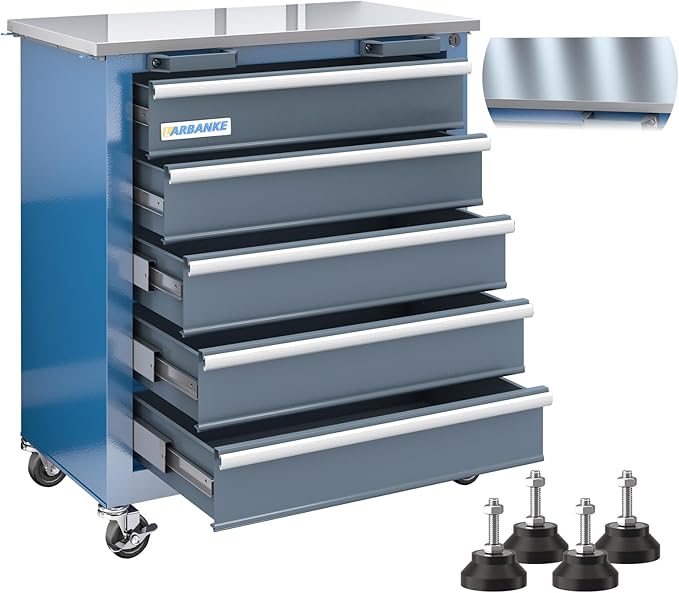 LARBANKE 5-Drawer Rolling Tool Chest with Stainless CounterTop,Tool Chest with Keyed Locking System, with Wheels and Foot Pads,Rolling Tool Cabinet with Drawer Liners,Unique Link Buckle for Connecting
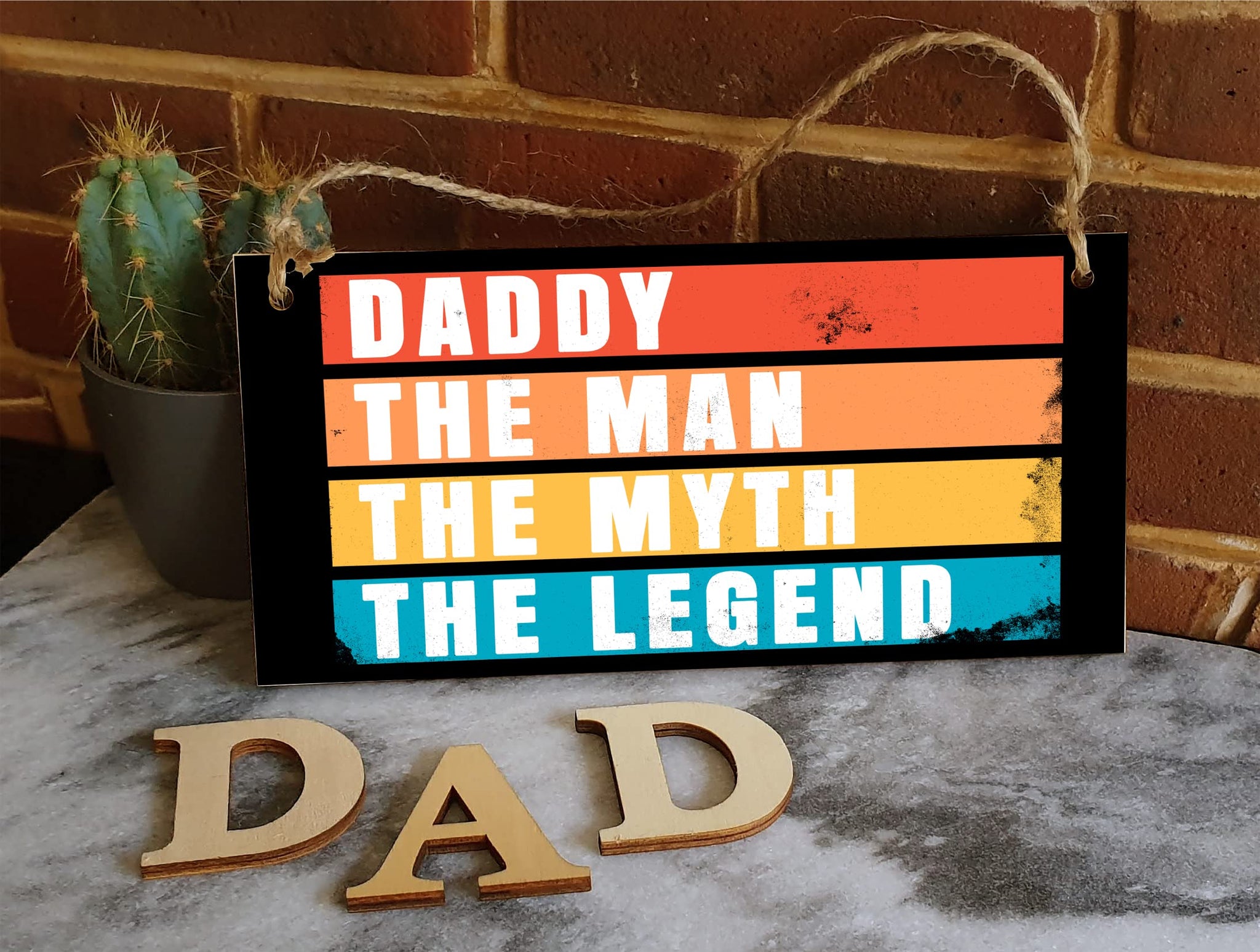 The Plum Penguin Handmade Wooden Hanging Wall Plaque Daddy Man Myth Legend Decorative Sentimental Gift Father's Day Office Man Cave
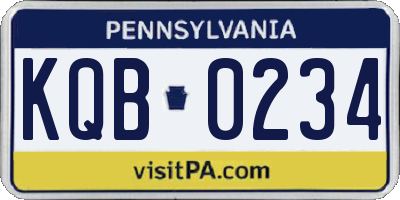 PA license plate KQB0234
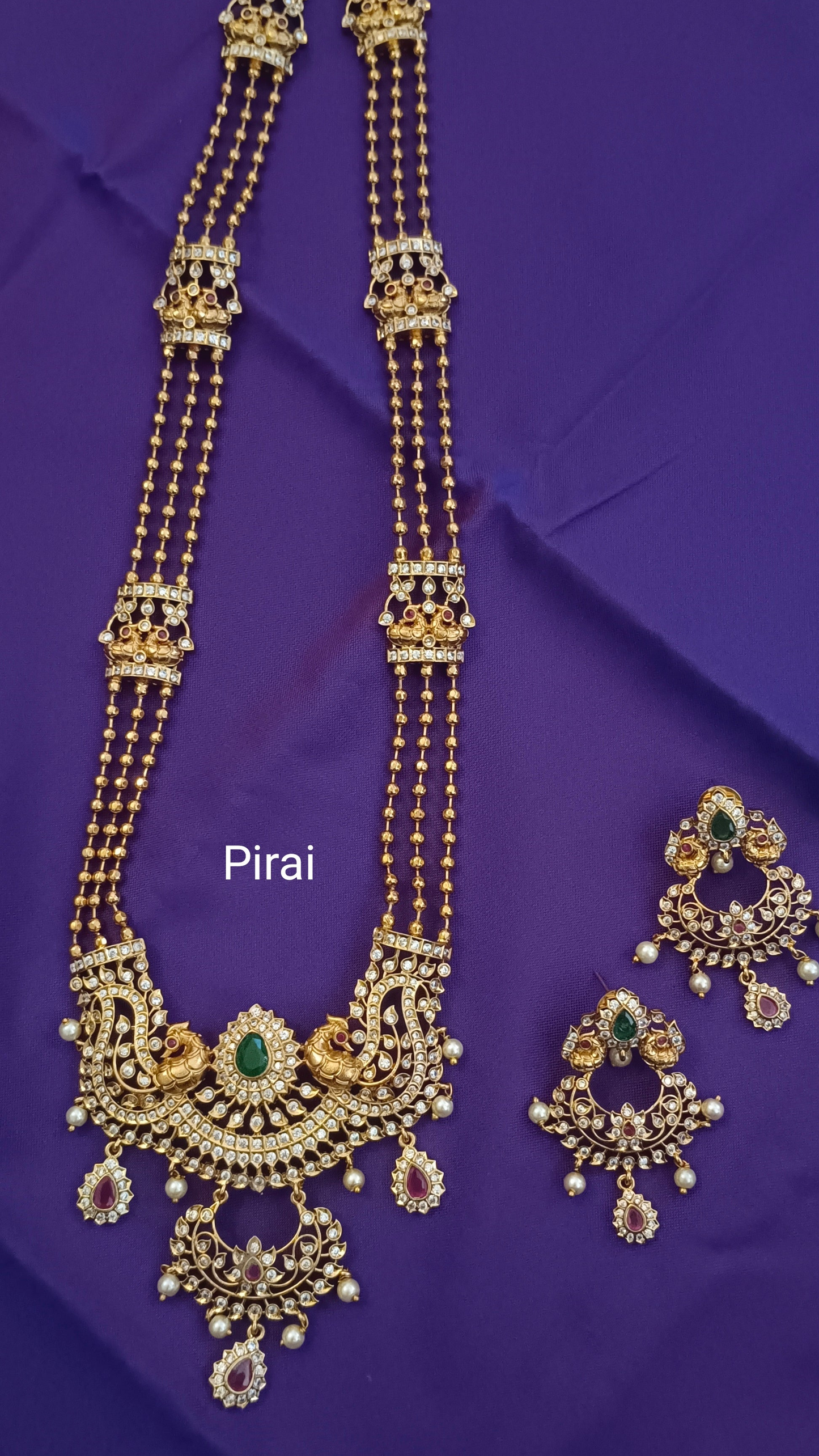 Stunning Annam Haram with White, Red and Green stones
---
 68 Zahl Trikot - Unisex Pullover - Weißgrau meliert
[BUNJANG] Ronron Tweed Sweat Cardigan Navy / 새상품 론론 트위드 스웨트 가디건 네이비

● PROBLEM DESCRIPTION
An exact transcription is needed of the lines from the one with "The Plum Penguin" to the one with "Stunning Annam Haram" above, both ends included, with pictures left out.

● RESULT
 The Plum Penguin Handmade Wooden Hanging Wall Plaque Daddy Man Myth Legend Decorative Sentimental Gift Father's Day Office Man Cave
 PA license plate KQB0234
 Stunning Annam Haram with White, Red and Green stones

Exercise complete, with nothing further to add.